**Work instruction:**
Below are records to repeat exactly. Omit the pictures from the copy.

*** Opening Extracted records ***

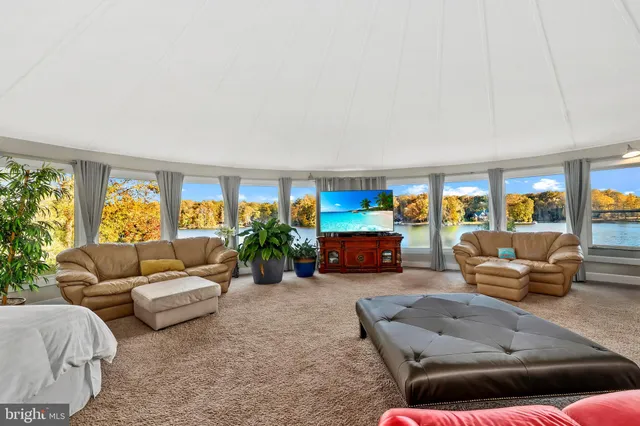 a bedroom with furniture and window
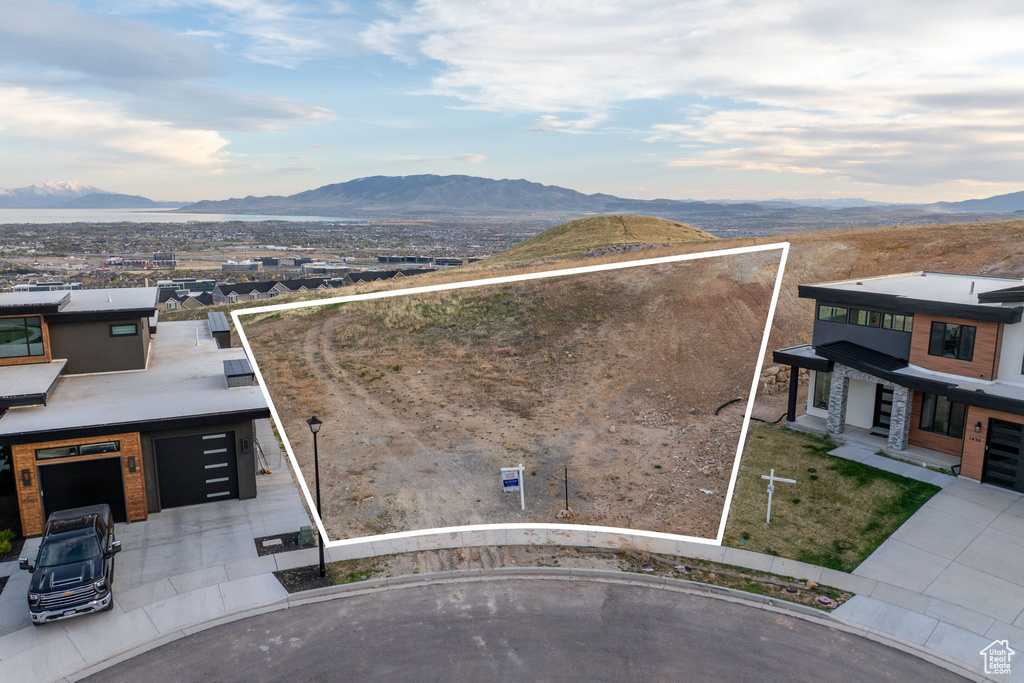 Aerial view of property's location featuring mountains and property parcel outlined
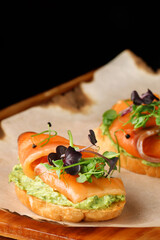 bruschetta with salmon closeup. tapas with salmon on guacamole and topped microgreen on wooden board and black background
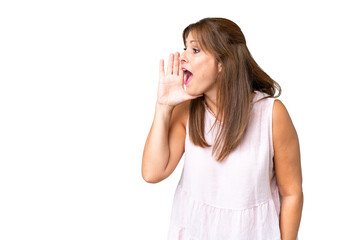Fototapeta premium Middle age woman over isolated background shouting with mouth wide open to the side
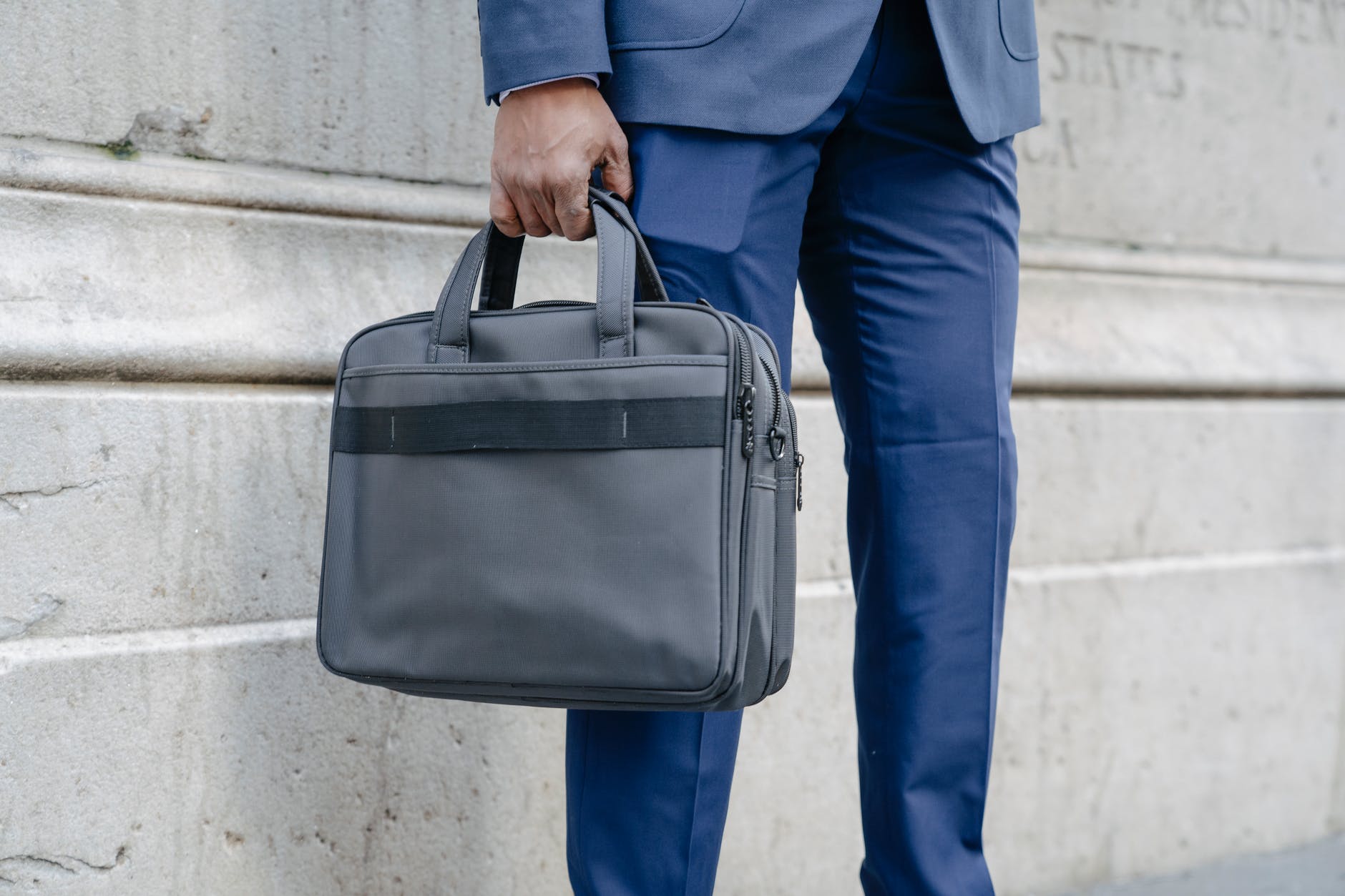 a person in a suit holding a briefcase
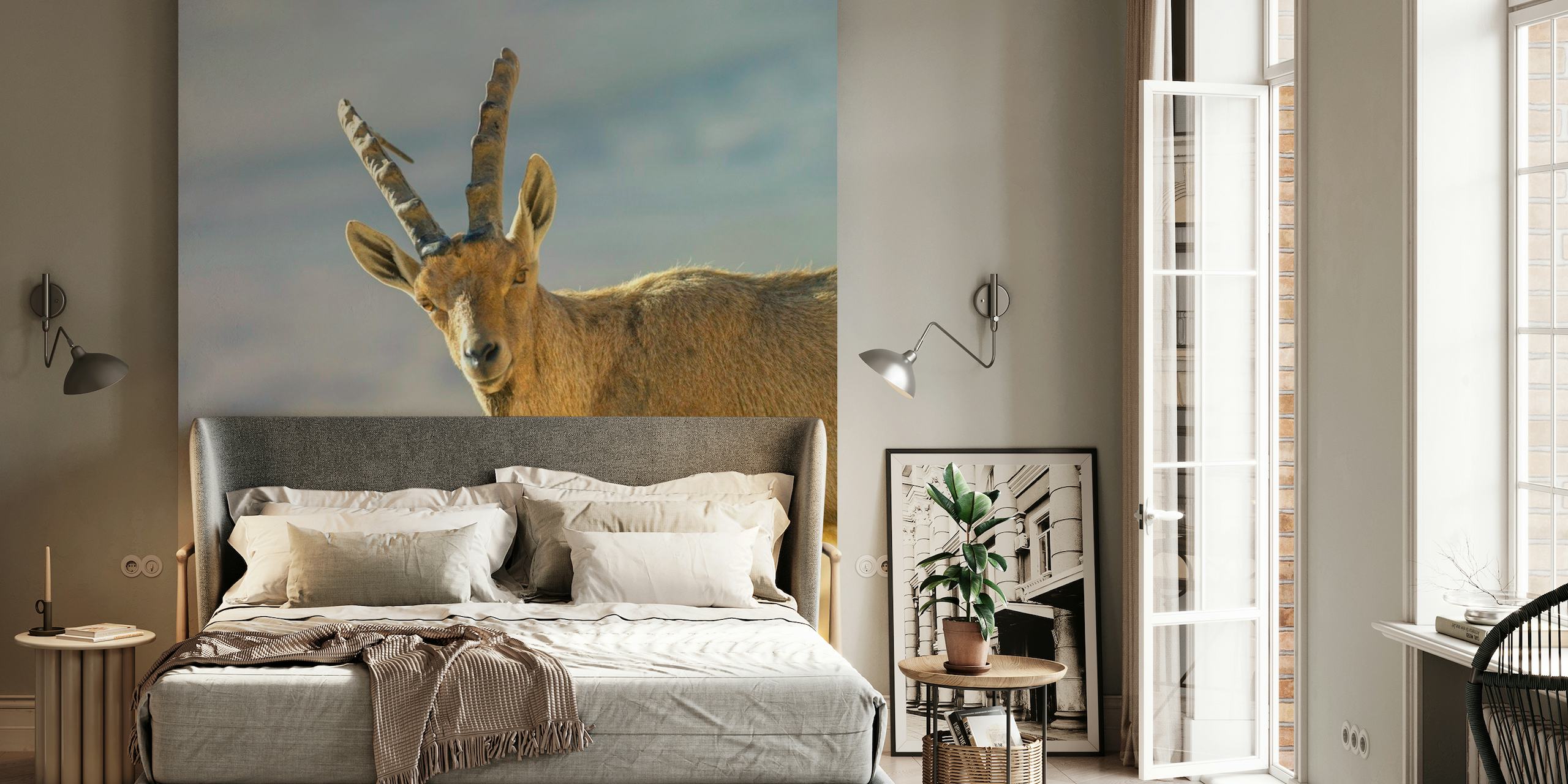 Mountain goat standing on a peak wall mural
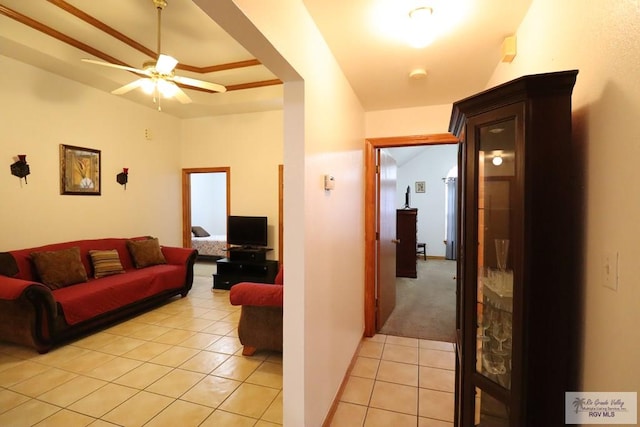 tiled living room featuring ceiling fan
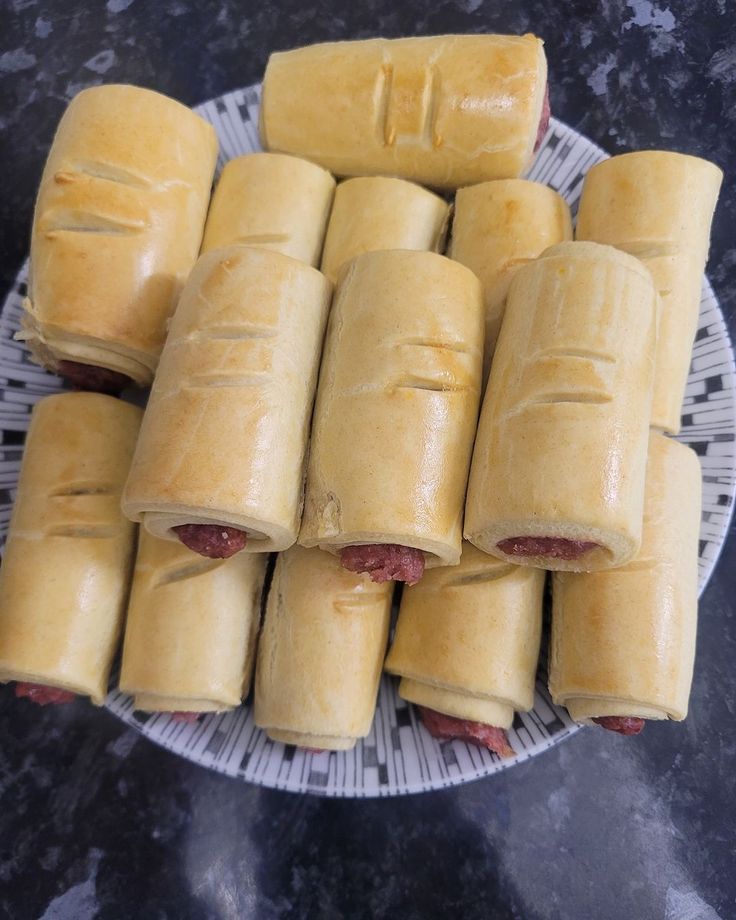 Plate stacked with freshly baked golden sausage rolls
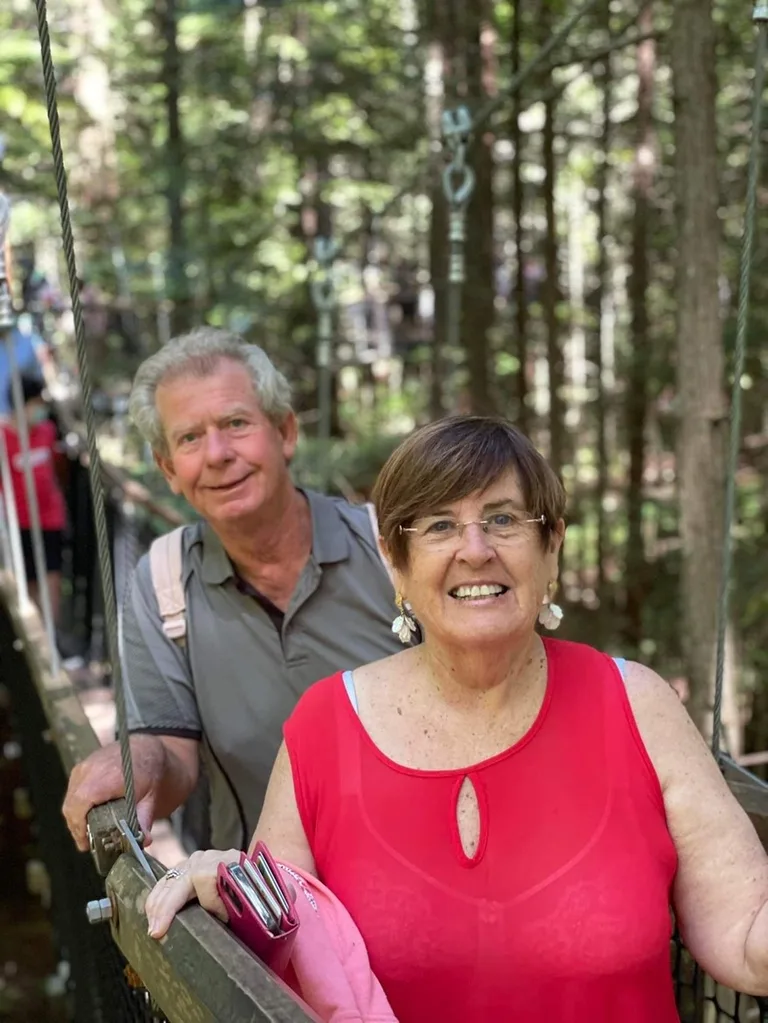 A man and woman smiling outdoors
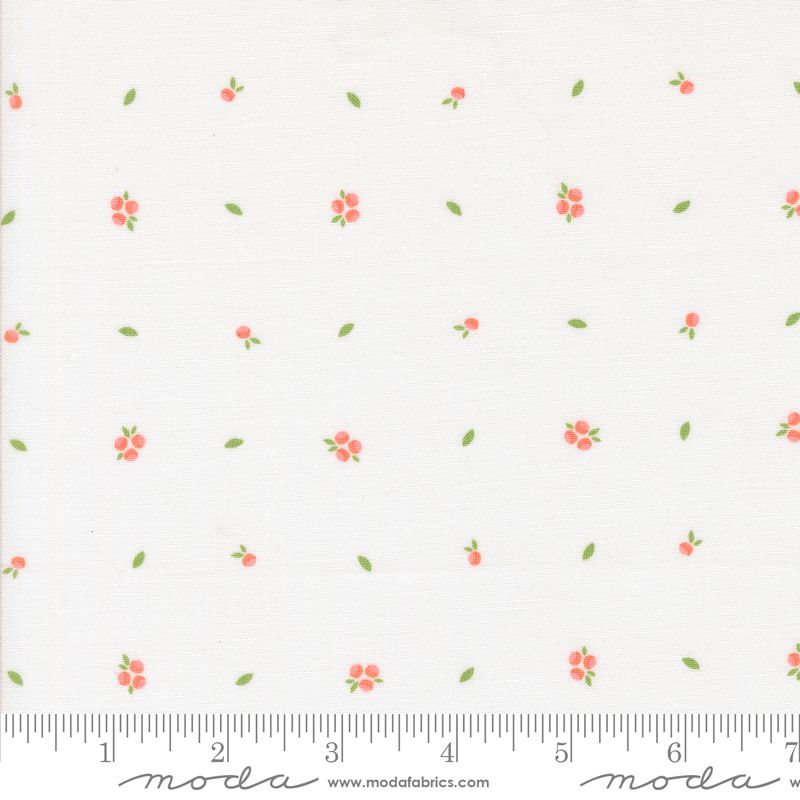 White fabric with a repeating pattern of small pink flowers with green leaves and stems, shown with a measuring ruler along the bottom edge.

*** Closing Extracted records ***

**Expected answer:**
 a bedroom with furniture and window
 Aerial view of property's location featuring mountains and property parcel outlined
 bruschetta with salmon closeup. tapas with salmon on guacamole and topped microgreen on wooden board and black background
Fototapeta premium Middle age woman over isolated background shouting with mouth wide open to the side
 a person in a suit holding a briefcase
 Mountain goat standing on a peak wall mural
 tiled living room featuring ceiling fan
 Plate stacked with freshly baked golden sausage rolls
 A man and woman smiling outdoors
 White fabric with a repeating pattern of small pink flowers with green leaves and stems, shown with a measuring ruler along the bottom edge.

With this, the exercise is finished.